Uitspraak
RECHTBANK OOST-BRABANT
[naam 1]te [woonplaats] ,
Procesverloop
Overwegingen
- Op de projectlocatie stond een pand met een feestzaal en bovenwoning. In dit oude pand heeft in 2016 een brand gewoed.
- Op de projectlocatie zijn meerdere bestemmingsplannen van toepassing, waaronder het bestemmingsplan “Mozaiek” en het “Veegplan binnen de bebouwde kom”. Ingevolge deze bestemmingsplannen heeft de projectlocatie de bestemming ‘Horeca’. Verder is er op de eerste verdieping aan de voorzijde een functie-aanduiding ‘wonen op de verdieping’. Deze functie-aanduiding rust niet op het achterste (zuidelijk gelegen) deel van de projectlocatie.
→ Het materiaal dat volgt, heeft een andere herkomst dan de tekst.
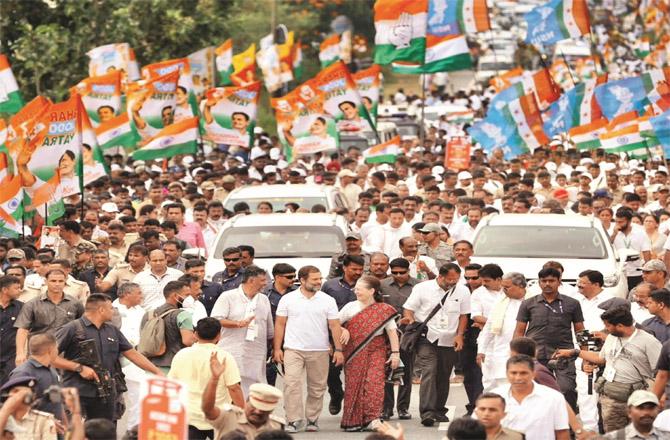 Sonia Gandhi joined the Bharat Jodo Yatra at Jakanhilli village in Mandya district on Thursday. In the picture of this occasion, Sonia and Rahul can be seen having a conversation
- Op 11 december 2018 heeft [naam 1] een aanvraag ingediend tot het verlenen van een omgevingsvergunning voor de nieuwbouw van 4 appartementen in 2 bouwlagen met kap met commerciële ruimte (dienstverlening met de gebruiksfunctie kantoor) op de begane grond, met een goothoogte van 6,50 meter en een bouwhoogte van 10,60 meter. Het hoofdgebouw wordt 18 meter diep. Bij de aanvraag is een ruimtelijke onderbouwing gevoegd.
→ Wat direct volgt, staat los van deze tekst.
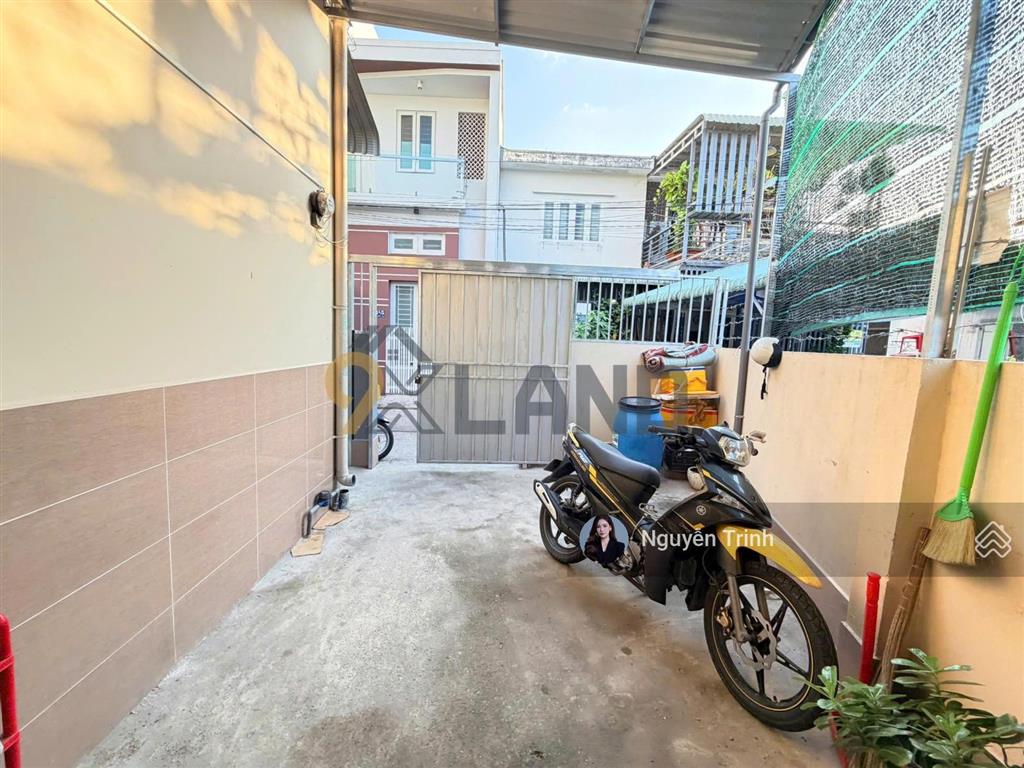 Ngộp bankbán gấp dãy trọ ngay vành đai 2 đang thi công chỉ 100m,tiềm năng cao,full thổ,xd cao tầng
- Verzoeker [verzoeker] heeft de percelen [adres 2] , [adres 3] in eigendom. De overige verzoekers huren deze percelen en exploiteren daar een bedrijf. Op 8 juli 2005 heeft verweerder een melding betreffende het Besluit inrichtingen voor motorvoertuigen milieubeheer geaccepteerd. In het meldingsformulier is aangegeven dat de aard van de inrichting betreft de verkoop en herstel van motorvoertuigen.
- Ook op deze percelen heeft een brand gewoed, in 2018 als gevolg waarvan een deel van de locatie sindsdien niet wordt gebruikt. In een brief van 29 oktober 2019 heeft de Omgevingsdienst verslag gedaan van een bedrijfscontrole na de brand.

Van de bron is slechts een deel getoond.